> **EXERCISE GOAL**: With the pictures removed, write out the full listing below exactly.

> **DATA PROVIDED**:
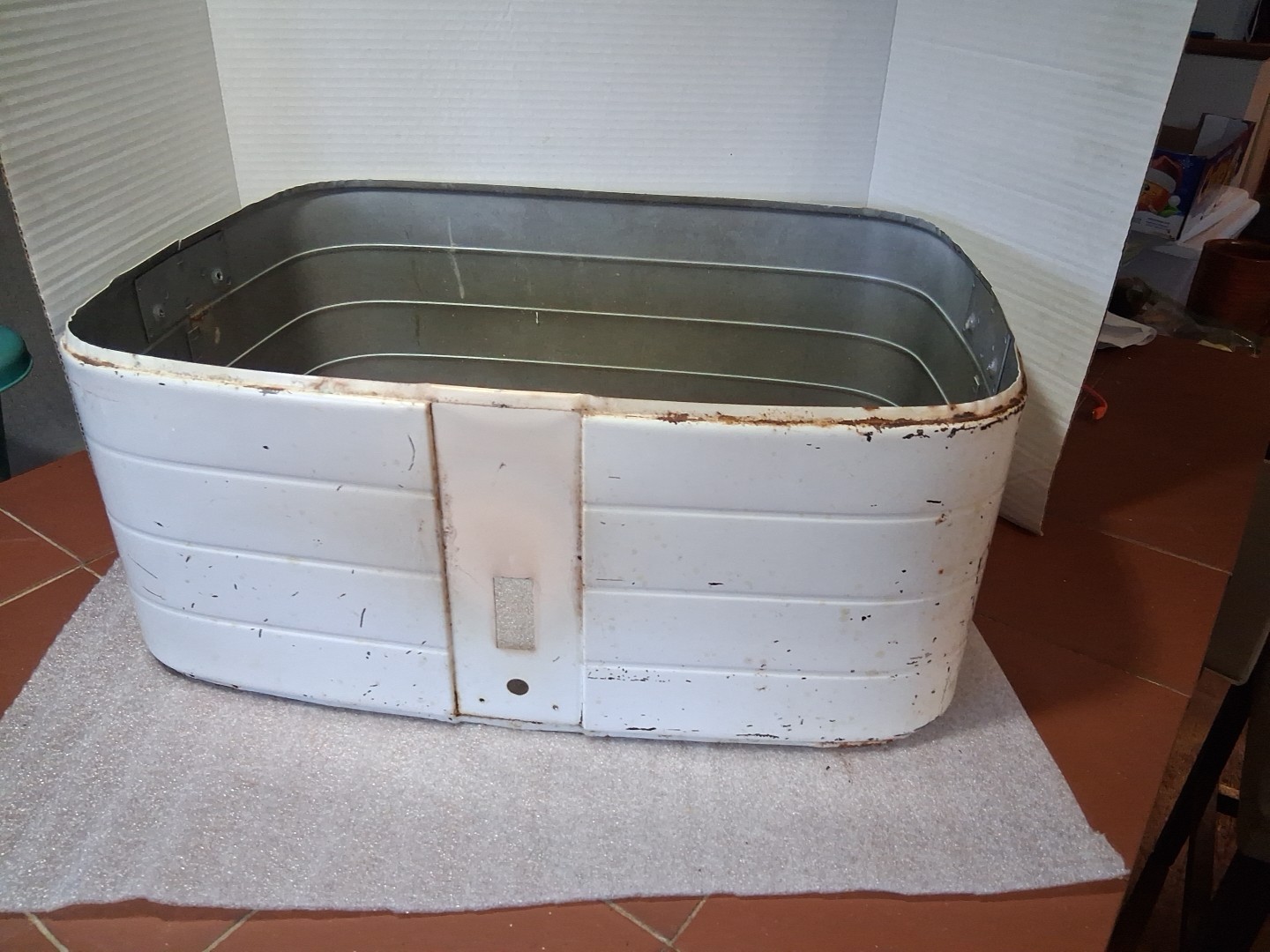 Vtg Shroud  & Plug Socket For General Electric Roaster 123C19 Replacement Part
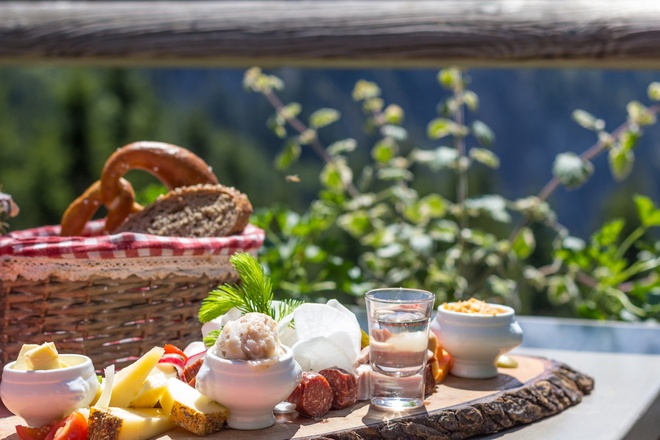Brotzeiten auf der Terrasse
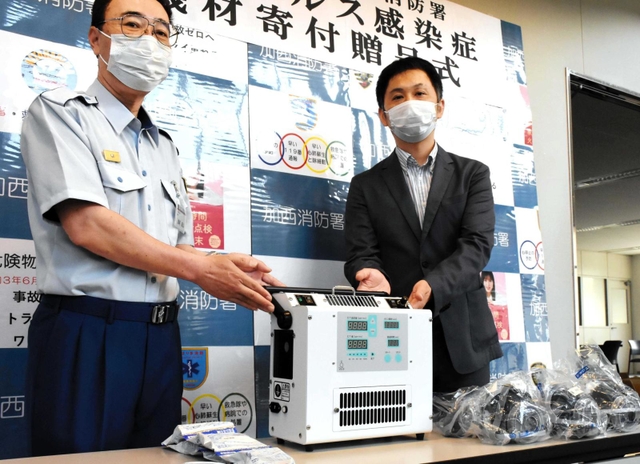 消毒装置を寄贈した菅野陽平専務（右）と、飯尾昌弘署長＝加西消防署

> **FINISHED TASK**:
 Vtg Shroud  & Plug Socket For General Electric Roaster 123C19 Replacement Part
Brotzeiten auf der Terrasse
 消毒装置を寄贈した菅野陽平専務（右）と、飯尾昌弘署長＝加西消防署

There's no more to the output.